My older son is home from university for a day, to get his car serviced and have his twenty one year portrait photograph taken. He is twenty two but is getting around to it after a year of reminding from his mother. Meanwhile, in the last few months, he has lost about fifty kilograms.

We talked about our family history. My son is named for his great grandfather, my father's father, a famous sportsman and successful businessman of his day. He was a lovely man, though I suppose a hard act to follow, with a kindly rounded face and protruding tufts of white hair from his ears which made him look like a cuddly koala. By contrast my grandmother was thin and acerbic. They grew up and met in a goldfields town where his family had a house-moving business and her father was a country policeman who later became Superintendent of Police for the state. He was cheerful and robust while she was demurely pretty. He became the heart and soul of a great sporting club as player, captain, president and patron for over seventy years and was a founding member of our state automobile club. She and her friends founded a society for the benefit of children with cerebral palsy of which she was treasurer for decades. It has developed into one of the largest not-for-profit service organisations in the country, now funded by both government and charity.

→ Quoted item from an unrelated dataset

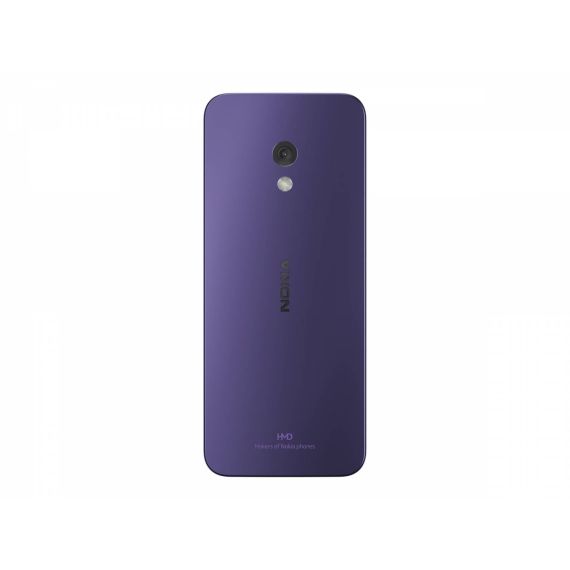 Nokia 235 4G (2024) - 4G feature phone purple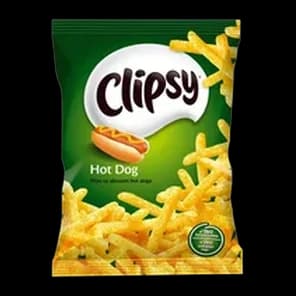 Flips Clipsy hot dog 30g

They were people with leadership qualities : people who could see a need and work constructively with a group for a common goal without financial reward, over many years. They weren't alone either : their friends worked with them too. I work long hours for the health of our community but I feel myopic compared to the vision of my ancestors.

I look at my son, so handsome now, and wonder, when they look at his portrait, what his descendants will think of these ancient forebears.